After an extensive investigation of worldwide scope, U.S. and British authorities developed evidence that conclusively linked Libya to the 1988 terrorist bombing of Pan Am Flight 103. On 14 November 1991 both governments issued indictments for two Libyan agents, Abdel Basset Ali Al-Megrahi and Lamen Khalifa Fhimah, charged with carrying out the bombing. In addition, French authorities issued warrants for four Libyan agents in connection with the 1989 bombing of UTA Flight 772 that killed 171 people, including seven Americans.

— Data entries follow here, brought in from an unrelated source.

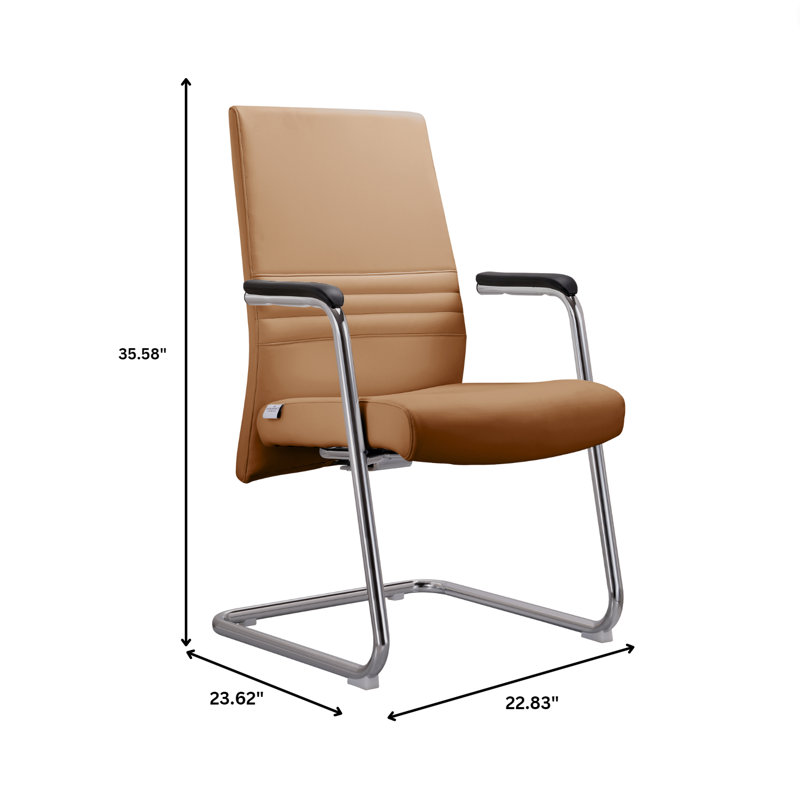 Chaise de bureau rembourrée en cuir Aleen, Brun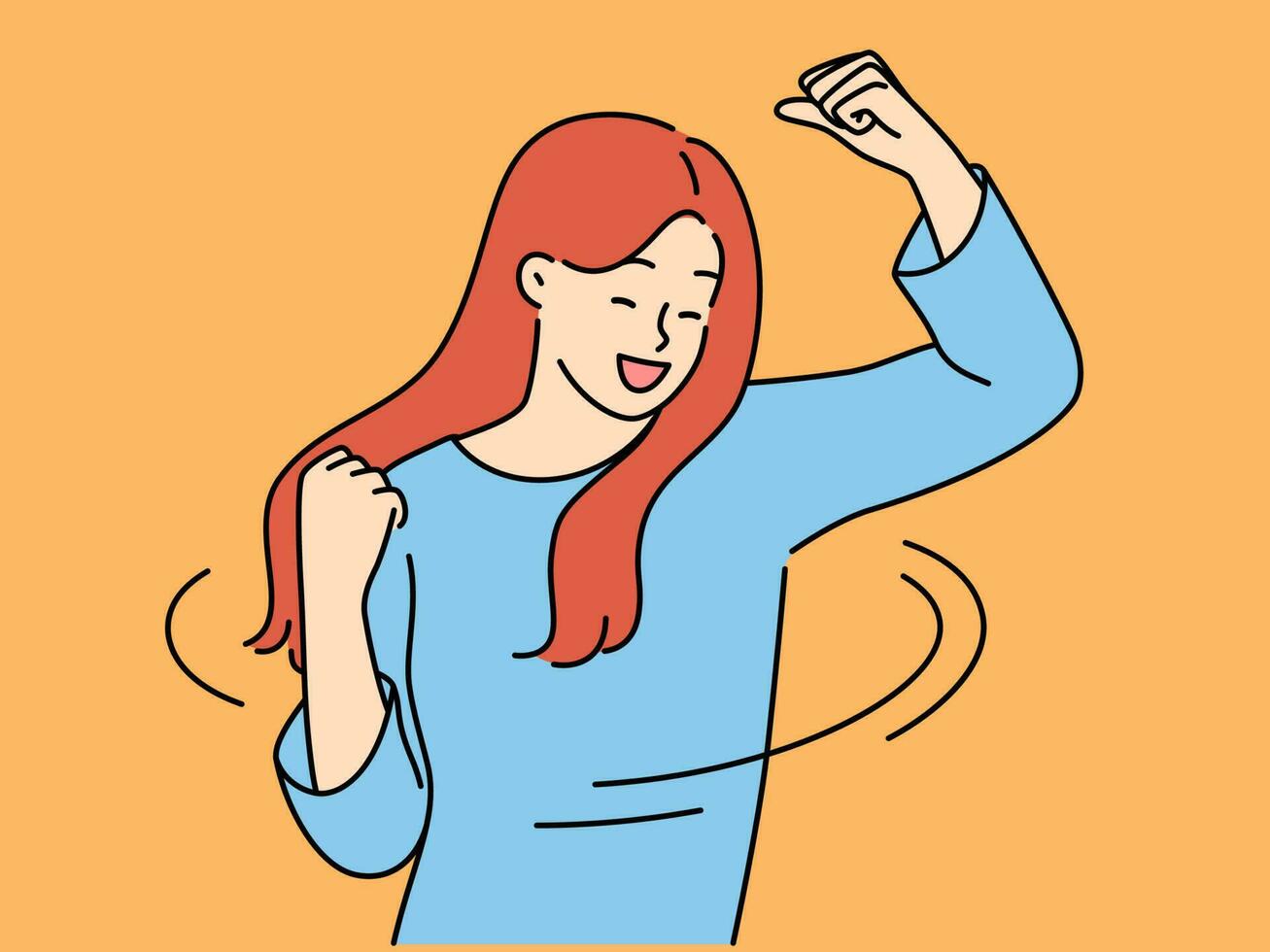 lleno de alegría joven mujer sensación emocionado con bueno noticias. sonriente niña celebrar éxito o ganar. victoria y promoción. vector ilustración.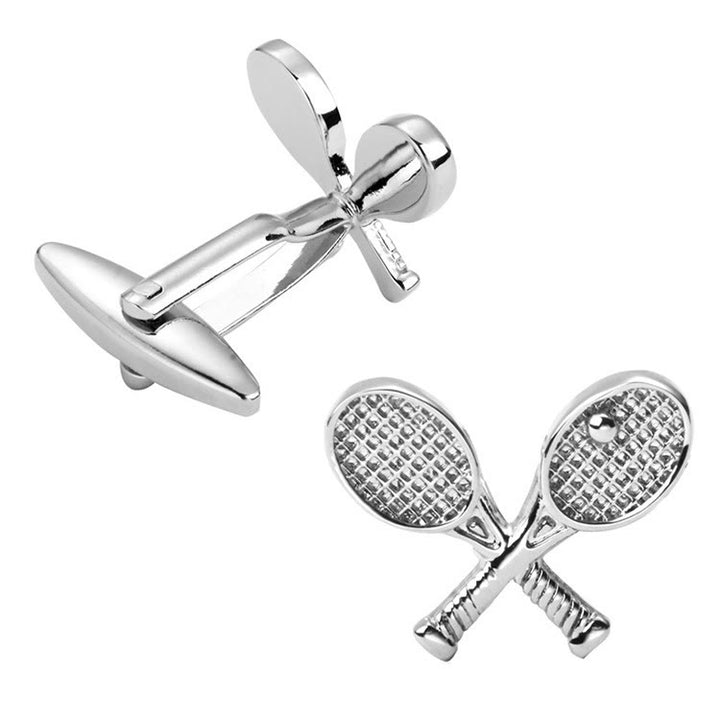 Juego de gemelos con botones y diseño de tenis para hombre, 1 par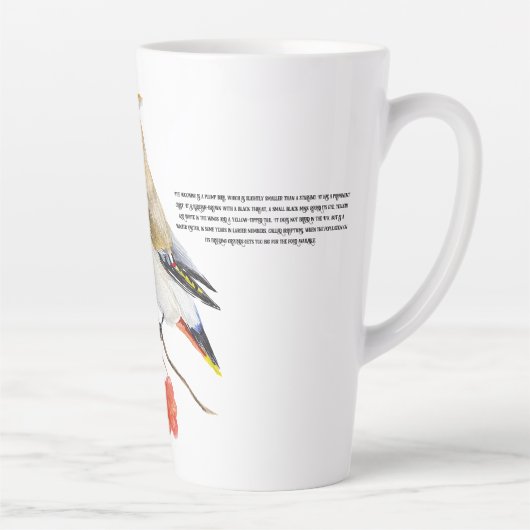 Tasse Latte Écirage d'oiseaux de la forêt d'aquarelle (Droite)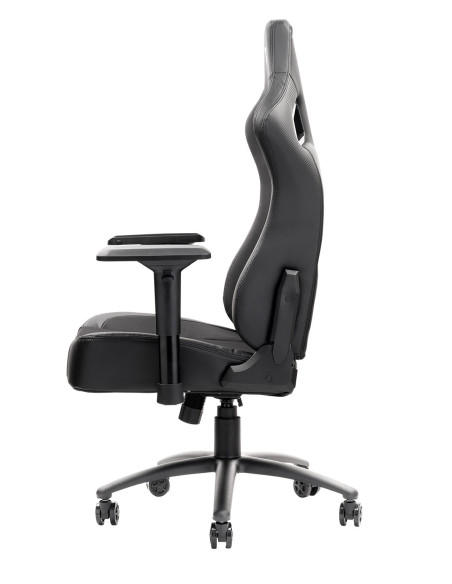 SCOUT PM30 Gaming Chair PVC e Tessuto Black/White con Poggiatesta, Cuscino Lombare, braccioli 4D SCOUT PM30 Gaming Chair PVC e Tessuto Black/White con Poggiatesta, Cuscino Lombare, braccioli 4D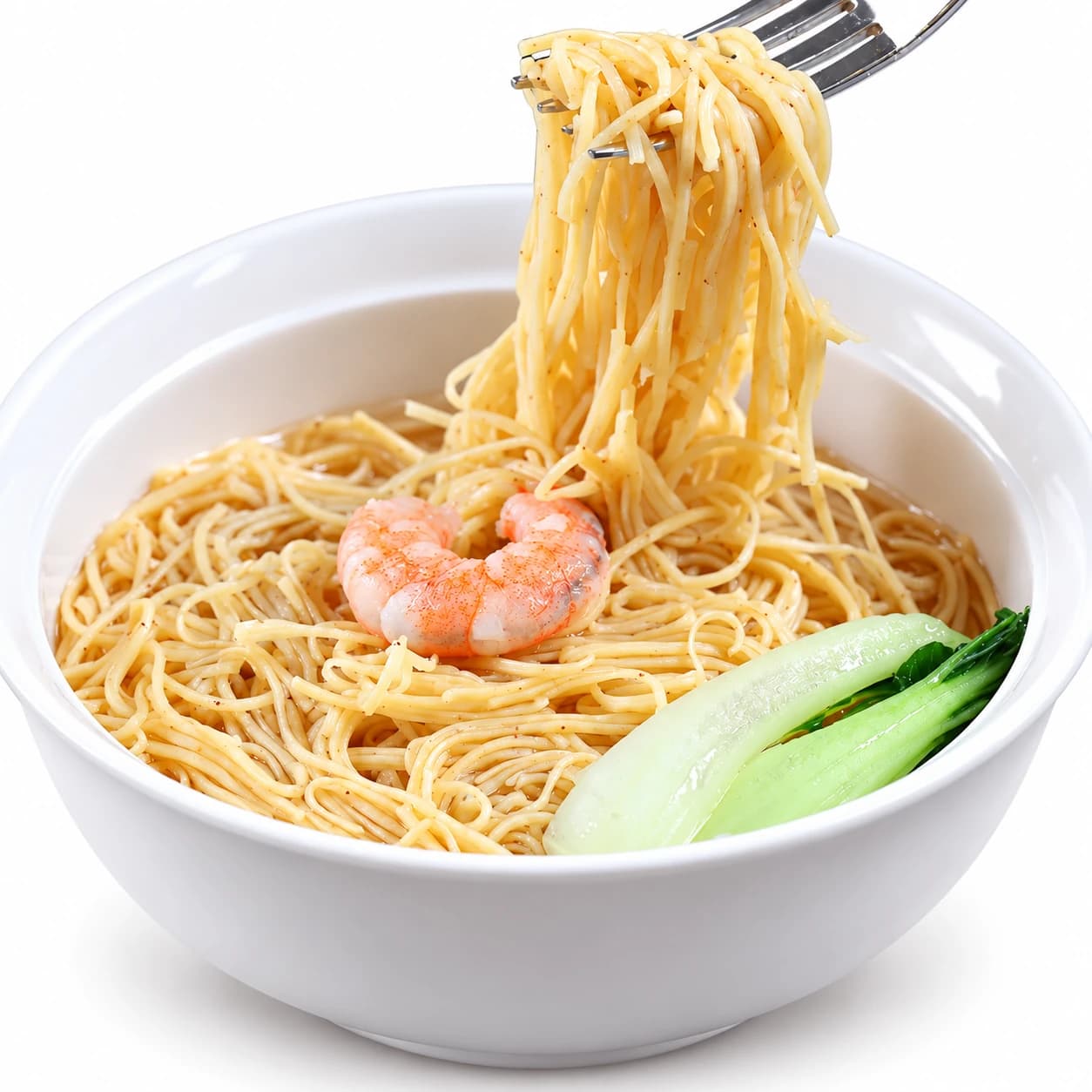 Shrimp-flavored instant noodles — retouched catalogue illustration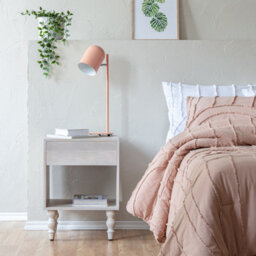 MH London Rhonda Solid Wood Nightstand Bedside Side Table Nightstand With Drawer In Whitewash - thumbnail 2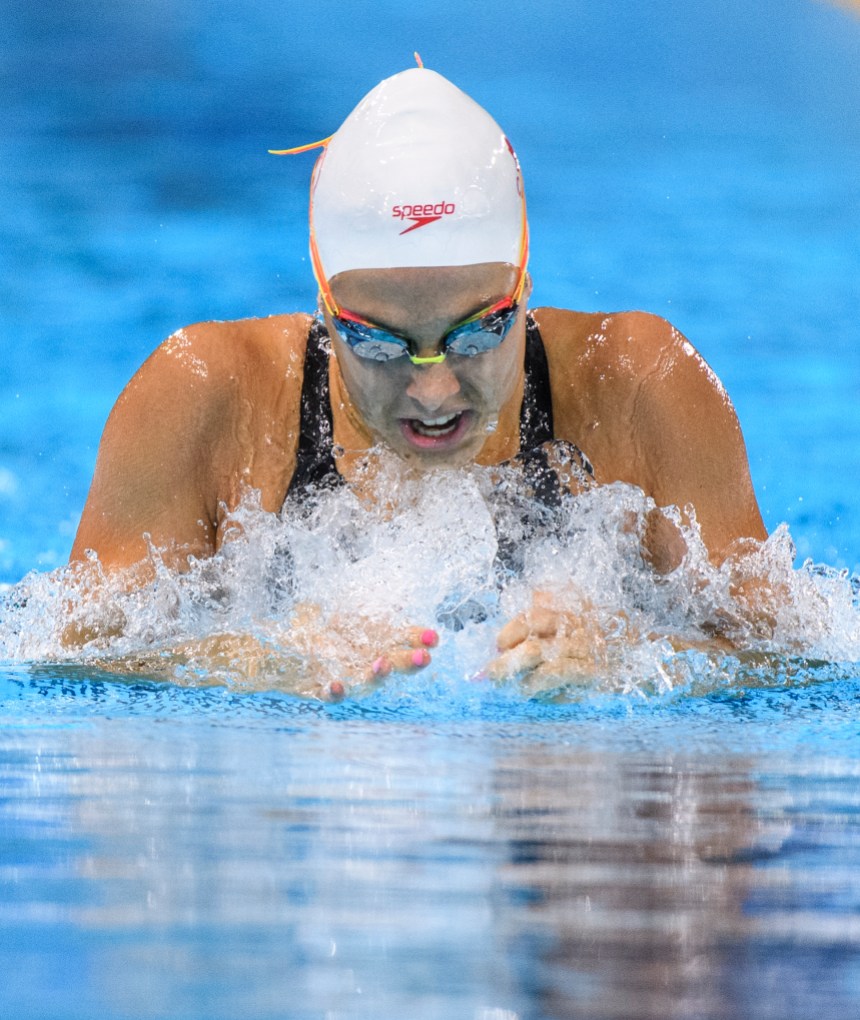 CJM_20190808_116 Mary-Sophie Harvey participe à la finale du 200 m brasse aux Jeux panaméricains de Lima, au Pérou, le 8 août 2019. Photo : Christopher Morris/COC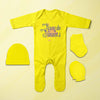 Rang De Basanti Holi Jumpsuit with Cap, Mittens and Booties Romper Set for Baby Boy - KidsFashionVilla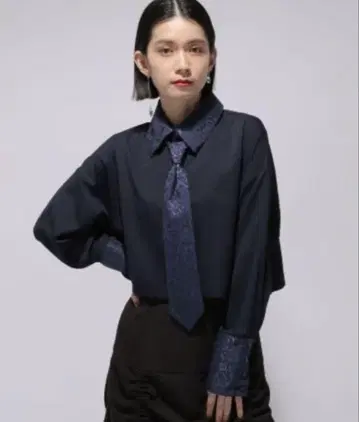 HARE 이소자이 넥타이 숏 셔츠 네이비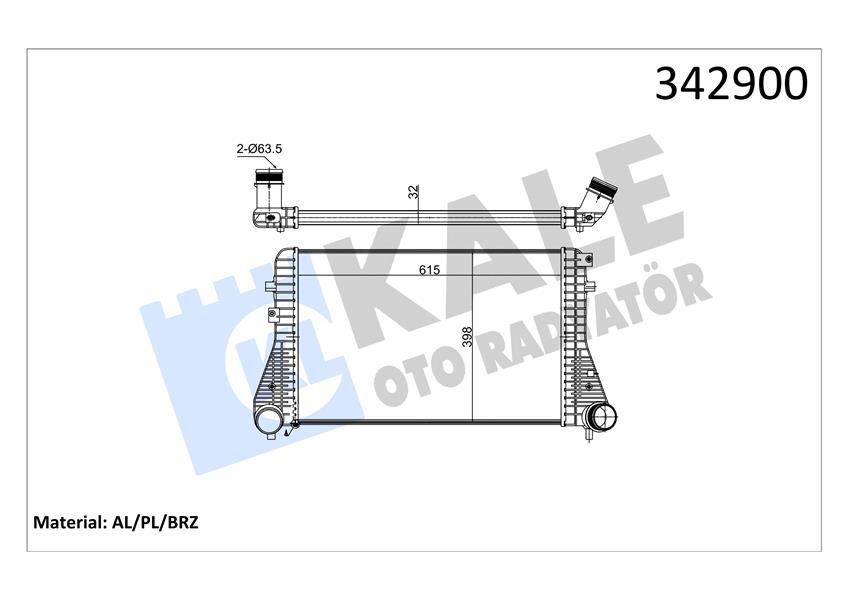 TURBO RADYATÖRÜ INTERCOOLER PASSAT-TIGUAN-SHARAN-ALHAMBRA 2.0TDI 08 > 615X398X32 AL-PL-BRZ
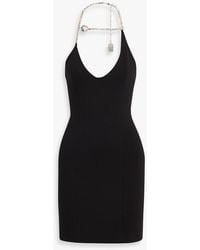 Area - Crystal-Embellished Cady Halterneck Mini Dress - Lyst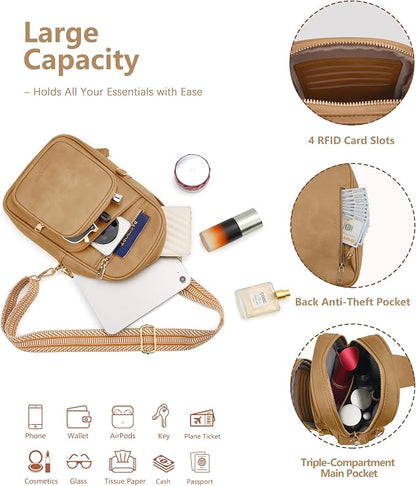 Anti Theft Crossbody Bags for Women,RFID Sling Bag Travel Purse,Vegan Leather Cross Body Purses Chest Bag for Travel(khaki) | Multi-Pocket, Structured bag, Any Occasion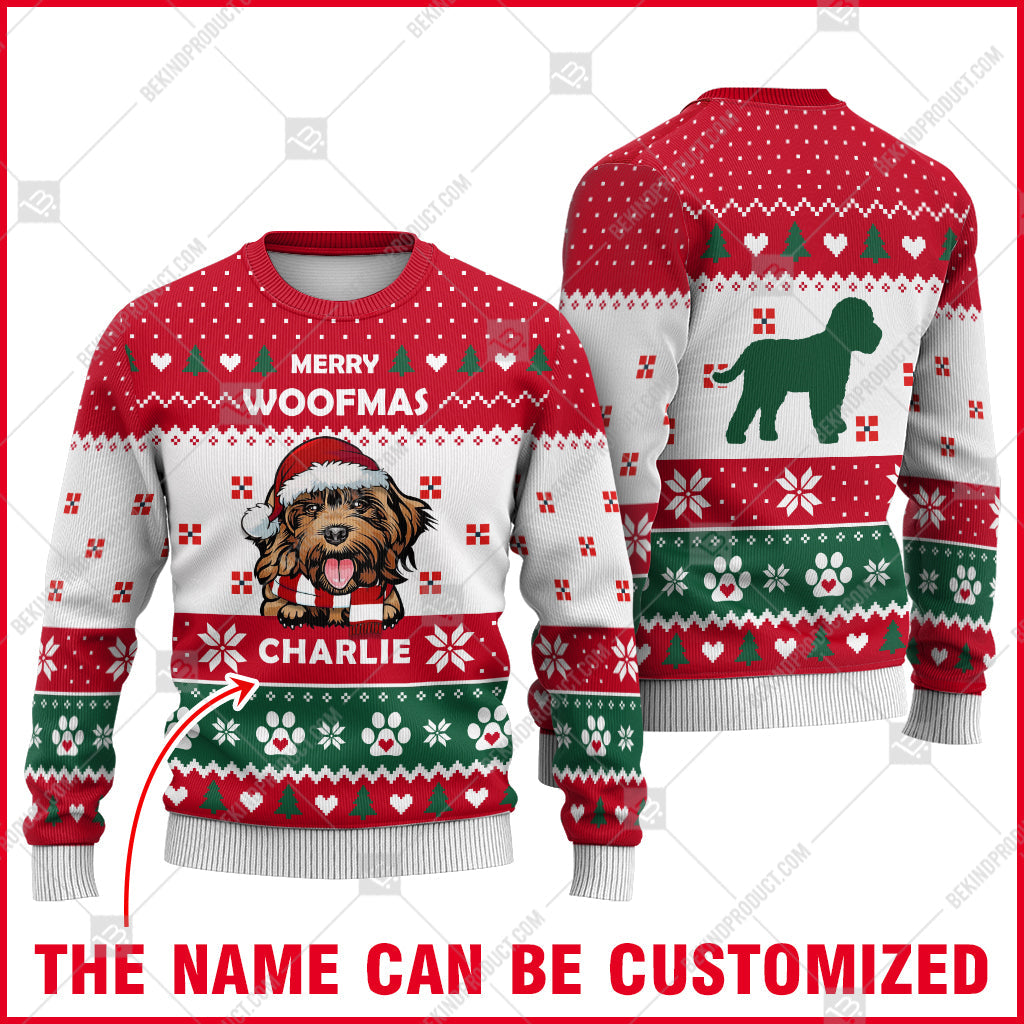 Cockapoo Dog Christmas Paw Heart Print Ugly Christmas Sweater Print Sweatshirt - Personalized Custom - Best Gift For Noel - WeCustomit
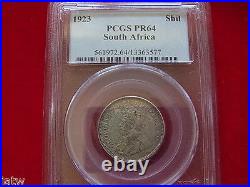 South Africa. 1923 Shilling. In PCGS Slab PR64. Proof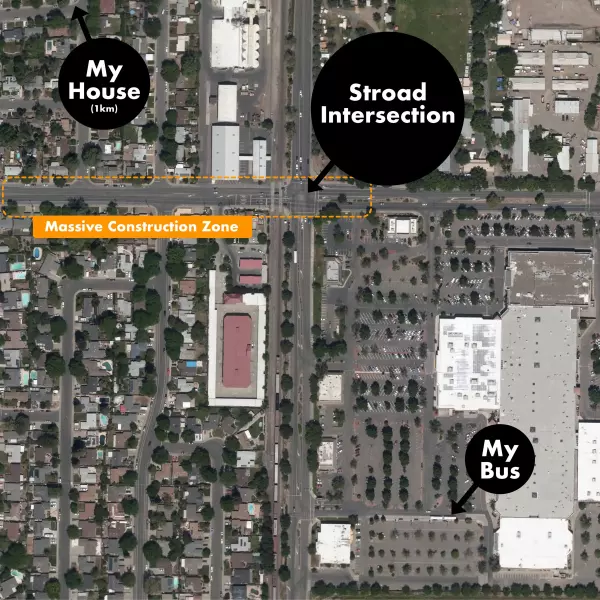 Annotated aerial view of the County Fair Mall in Woodland, CA.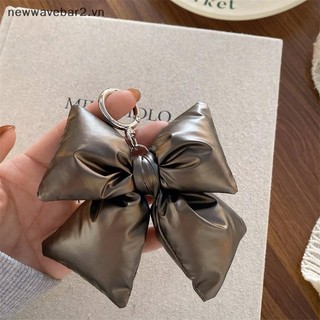 [Mới] Móc khóa nơ da giả thời trang Mặt dây chuyền kết cấu cao cấp Mặt dây chuyền quyến rũ Móc khóa Trang sức dành cho nữ Trang trí túi quà tặng.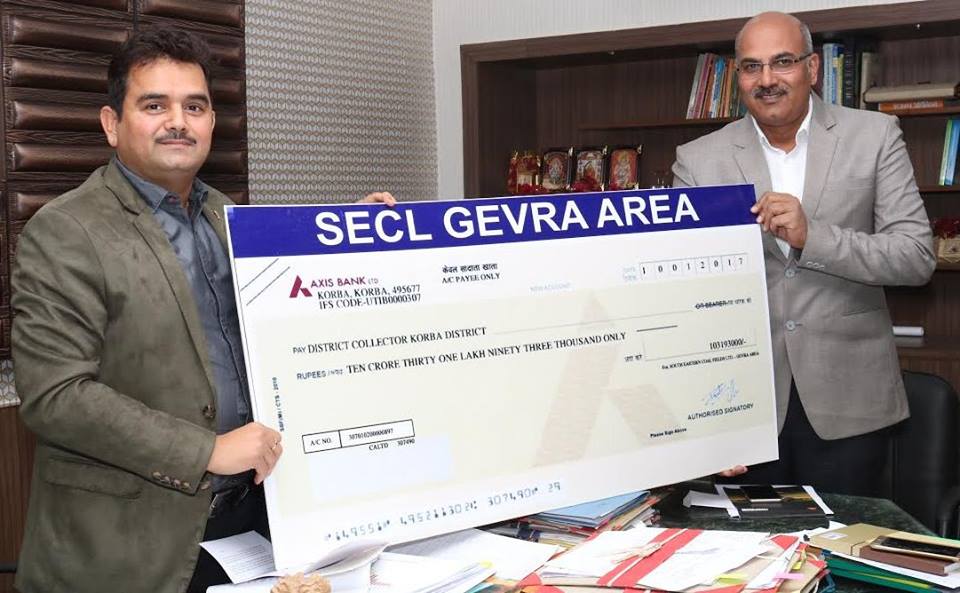 Length of road from Gevra - Chakabuda – Jawali to Banki - Mongra in Chhattisgarh that will be constructed by Gevra project of South Eastern Coalfields Limited (SECL). The construction is estimated to cost Rs. 51.60 crores. A cheque of Rs. 10.32 crores, as initial payment, was handed over to the collector of Gevra, Shri. P. Dayanand.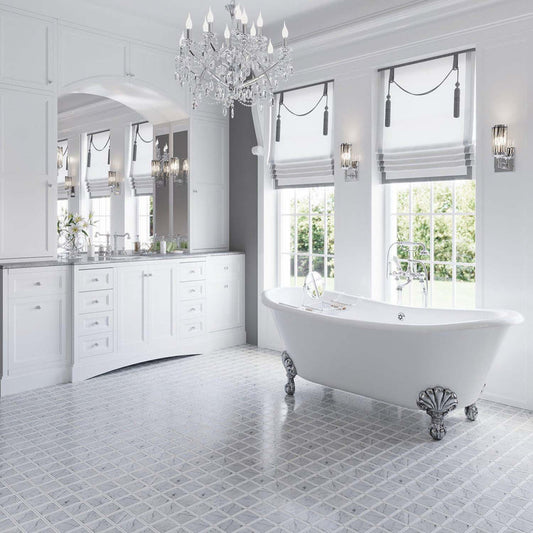 White 12x12 Brick Polished Marble Mosaic Tile (5 pack, 5 sq ft/case) - Sample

Nine long-held Western hostages were freed from captivity in Lebanon last year, including six Americans, and the remains of William F. Buckley and Col. William R. Higgins were recovered and returned to the United States. The hostages, including the two who died while in captivity, had been held by elements of the Iranian-supported terrorist group Hizballah, which receives substantial amounts of financing, training, and political direction from Tehran. The release of the hostages was achieved largely through the efforts of U.N. Secretary General Javier Perez de Cuellar and his special envoy Giandomenico Picco. The releases apparently reflected a belief held by both the Government of Iran and the hostage holders themselves that the continued detention of the hostages served no purpose. The United States made no concessions to gain the hostages' release.
At year's end, two German hostages, Thomas Kemptner and Heinrich Struebig, remained captive in Lebanon. We continue to call for the immediate, safe, and unconditional release of all persons held outside the legal system in the region as well as an accounting of all those who may have died while in captivity.
During 1991 Iran continued to build closer ties to Palestinian terrorist groups and Islamic militant organizations. Iran has used conferences like "Intifadah and the Islamic World" -- held in Iran during the period 19-22 October -- to maintain contact with numerous terrorist groups. Subsequent to this conference, some such groups issued threats to participants in the Middle East peace talks.
Iran also continued its practice of assassinating dissidents; Iranian agents are the prime suspects in the murder of former Prime Minister Shapour Bakhtiar in Paris last August, and the French government has issued an international arrest warrant for an Iranian official suspected of supporting the operation.
Seven Americans died during 1991 in terrorist attacks: -- On 2 January in El Salvador, the Farabundo Marti National Liberation Front (FMLN) downed a U.S. helicopter carrying three U.S. military advisers who were en route to Honduras. Two of them, Lt. Col. David Pickett and crew chief PFC Earnest Dawson, were brutally executed after surviving the crash. The third, CWO Daniel Scott, died of injuries suffered in the shootdown. (The incident is considered terrorism because the three advisers provided administrative/logistic support from Honduras to U.S. military personnel assigned to El Salvador and were thus noncombatants.)
-- The Turkish terrorist group Devrimci Sol (Revolutionary Left or Dev Sol) murdered two Americans last year. On 7 February in Adana, Bobbie Eugene Mozelle, an American contract employee of the Department of Defense, was shot as he left his apartment on the way to his car. On 22 March in Istanbul, another American contract employee of the Department of Defense, John Gandy, was murdered when three gunmen entered his office, separated him from the other employees, and shot him in the head.
-- On 12 March in Glyfada, Greece, U.S. Air Force Sgt. Ronald Odell Stewart was killed by a bomb explosion outside his residence. The Greek terrorist group 17 November was responsible.